[Scraped caption text data]
════
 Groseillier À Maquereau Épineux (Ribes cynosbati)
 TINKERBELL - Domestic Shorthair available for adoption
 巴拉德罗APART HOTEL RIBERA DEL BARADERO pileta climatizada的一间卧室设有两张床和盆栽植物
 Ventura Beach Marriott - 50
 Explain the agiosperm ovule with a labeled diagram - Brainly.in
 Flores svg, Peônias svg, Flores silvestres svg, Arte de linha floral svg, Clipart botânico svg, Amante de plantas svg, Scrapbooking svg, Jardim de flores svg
════
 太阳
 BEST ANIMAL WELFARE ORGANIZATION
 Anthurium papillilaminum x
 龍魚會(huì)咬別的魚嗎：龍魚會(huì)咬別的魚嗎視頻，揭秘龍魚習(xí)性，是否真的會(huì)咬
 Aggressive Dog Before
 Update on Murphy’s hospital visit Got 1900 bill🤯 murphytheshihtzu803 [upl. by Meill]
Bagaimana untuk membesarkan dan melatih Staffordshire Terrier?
════
▸ **THE TASK**: Every line above from the line with "Groseillier À Maquereau" to the line with "Flores svg, Peônias", inclusive, must be returned exactly; no other line belongs in the reply.

▸ **ANSWER BOX**:
 Groseillier À Maquereau Épineux (Ribes cynosbati)
 TINKERBELL - Domestic Shorthair available for adoption
 巴拉德罗APART HOTEL RIBERA DEL BARADERO pileta climatizada的一间卧室设有两张床和盆栽植物
 Ventura Beach Marriott - 50
 Explain the agiosperm ovule with a labeled diagram - Brainly.in
 Flores svg, Peônias svg, Flores silvestres svg, Arte de linha floral svg, Clipart botânico svg, Amante de plantas svg, Scrapbooking svg, Jardim de flores svg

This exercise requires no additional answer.